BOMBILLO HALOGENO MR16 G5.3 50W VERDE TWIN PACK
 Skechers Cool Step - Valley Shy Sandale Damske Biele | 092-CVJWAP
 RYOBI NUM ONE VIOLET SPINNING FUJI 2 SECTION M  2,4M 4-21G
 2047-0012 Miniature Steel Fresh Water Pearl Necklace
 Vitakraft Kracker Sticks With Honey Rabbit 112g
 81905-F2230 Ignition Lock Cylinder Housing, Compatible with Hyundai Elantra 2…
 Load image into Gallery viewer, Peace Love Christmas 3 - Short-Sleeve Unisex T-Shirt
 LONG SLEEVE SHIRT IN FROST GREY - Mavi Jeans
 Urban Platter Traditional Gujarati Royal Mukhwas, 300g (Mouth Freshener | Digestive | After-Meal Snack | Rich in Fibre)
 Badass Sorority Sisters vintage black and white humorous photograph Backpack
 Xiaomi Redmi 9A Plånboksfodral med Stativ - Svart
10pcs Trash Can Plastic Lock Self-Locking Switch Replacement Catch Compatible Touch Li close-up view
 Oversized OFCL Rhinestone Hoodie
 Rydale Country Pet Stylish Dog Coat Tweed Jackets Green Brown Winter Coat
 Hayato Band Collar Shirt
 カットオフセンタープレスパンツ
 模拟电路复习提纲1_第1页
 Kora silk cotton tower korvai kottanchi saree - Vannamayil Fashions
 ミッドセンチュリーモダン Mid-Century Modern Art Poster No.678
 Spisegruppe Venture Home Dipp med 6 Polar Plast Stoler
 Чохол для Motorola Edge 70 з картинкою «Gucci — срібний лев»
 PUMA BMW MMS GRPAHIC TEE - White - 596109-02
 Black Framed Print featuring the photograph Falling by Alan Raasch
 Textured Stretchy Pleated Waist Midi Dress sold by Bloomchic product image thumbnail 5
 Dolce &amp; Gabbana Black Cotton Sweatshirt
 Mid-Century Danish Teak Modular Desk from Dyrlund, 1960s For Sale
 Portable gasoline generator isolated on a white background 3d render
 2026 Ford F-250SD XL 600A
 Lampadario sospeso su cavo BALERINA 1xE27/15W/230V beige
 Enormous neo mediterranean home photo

The problem>
Starting with the line that contains "PUMA BMW MMS GRPAHIC TEE - White - 596109-02", copy each line through the end of the data exactly, and leave out all earlier lines.

Solution>
 PUMA BMW MMS GRPAHIC TEE - White - 596109-02
 Black Framed Print featuring the photograph Falling by Alan Raasch
 Textured Stretchy Pleated Waist Midi Dress sold by Bloomchic product image thumbnail 5
 Dolce &amp; Gabbana Black Cotton Sweatshirt
 Mid-Century Danish Teak Modular Desk from Dyrlund, 1960s For Sale
 Portable gasoline generator isolated on a white background 3d render
 2026 Ford F-250SD XL 600A
 Lampadario sospeso su cavo BALERINA 1xE27/15W/230V beige
 Enormous neo mediterranean home photo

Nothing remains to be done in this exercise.